San Paolo non è una città per ex fumatori. Il grigio con cui è forgiata esenta i viziati di ogni ordine ed età che, appena possono, con un pacchetto in una mano e un accendino nell'altra, danno il loro piccolo personale contributo all'inquinamento della megalopoli, espirando voluttuose volute e infarcendo d'invidia non solo chiunque abbia acceso una sigaretta in vita sua, ma anche chi vi abbia mai anche solo fantasticato, succhiando il fondo delle matite da bambino.

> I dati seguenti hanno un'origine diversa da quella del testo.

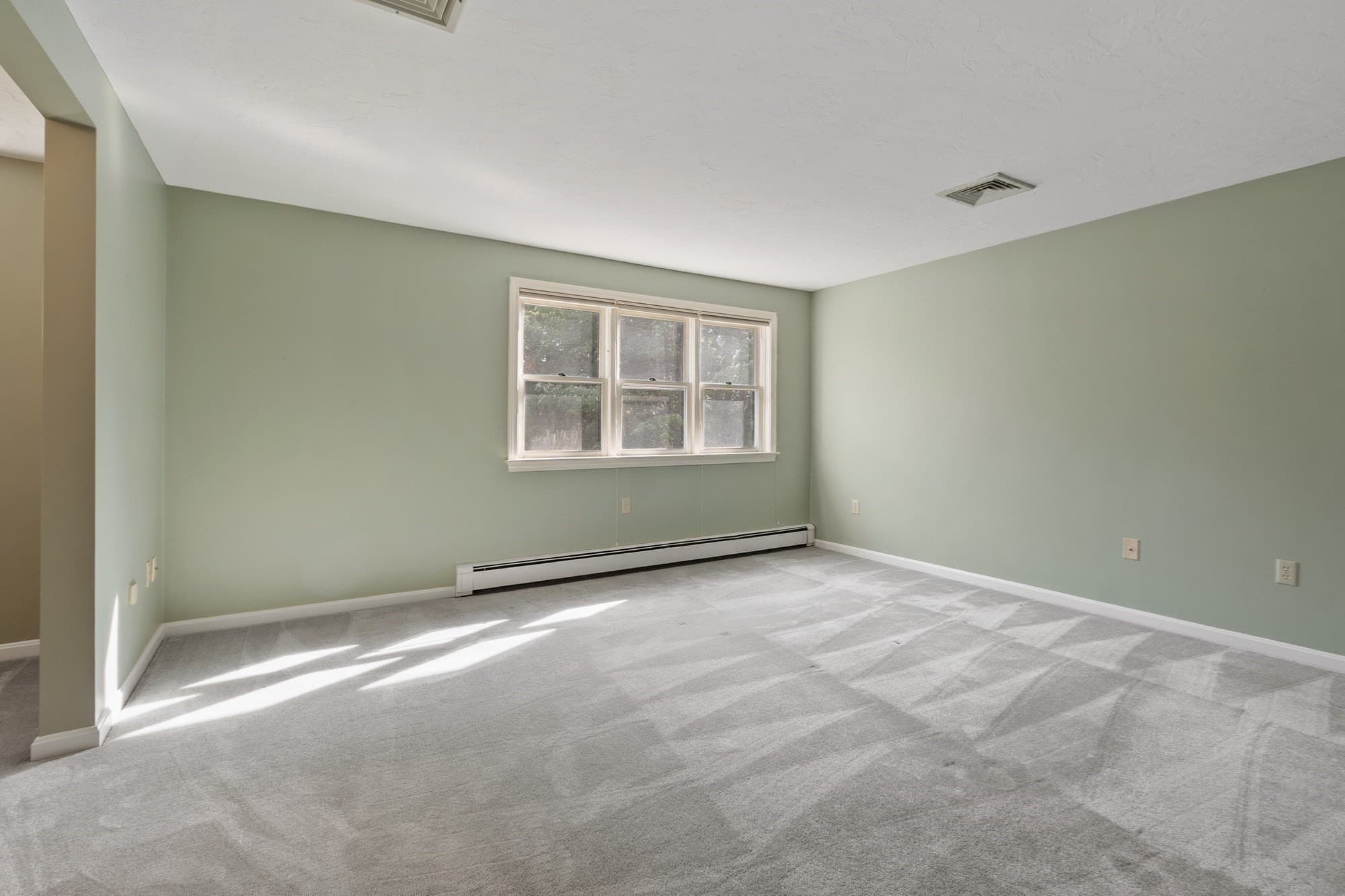 Condominium at 1102C Ridgefield Cir # 1102C, Clinton MA 01510, Clinton, photo 25 of 39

Naturalmente San Paolo è molto più del suo grigiume. San Paolo è molto perchè è qualcosa di tutto. Viene il dubbio che ci siano più cose a San Paolo che in cielo e in terra. Ci si potrebbe sbizzarrire a farsi venire una voglia che non possa essere soddisfatta all'ombra di qualcuno dei suoi palazzi; se ne uscirebbe comunque rimborsati.

Jandira
E tutto sommato, complice la tentazione di accendersi una sigaretta alla faccia di tutto, non è così male camminarla, essere urtata dai suoi passanti, sentirsi comprata dai suoi negozi, chiederle per favore un po' di verde, trovarlo in qualche piazza improvvisamente tropicale; perdersi nel dedalo della sua metropolitana, consolarsi con un sacchettino di paes de quiejo in miniatura (otto per novantanove centesimi!) pronunciare a mezza voce i nomi, quasi tutti tronchi, delle sue stazioni. Non è male anche perchè è cosa saputa che poi da una delle maggiori, Barra Funda - molto meno inquietante del nome che si ritrova- si prende il treno per Jandira, un municipio da cui vive e lavora da vent'anni padre Giancarlo- un prete padovano che ha avuto la vita strettamente intrecciata non solo alle sorti del Brasile... ma anche a quelle di Reggio Emilia.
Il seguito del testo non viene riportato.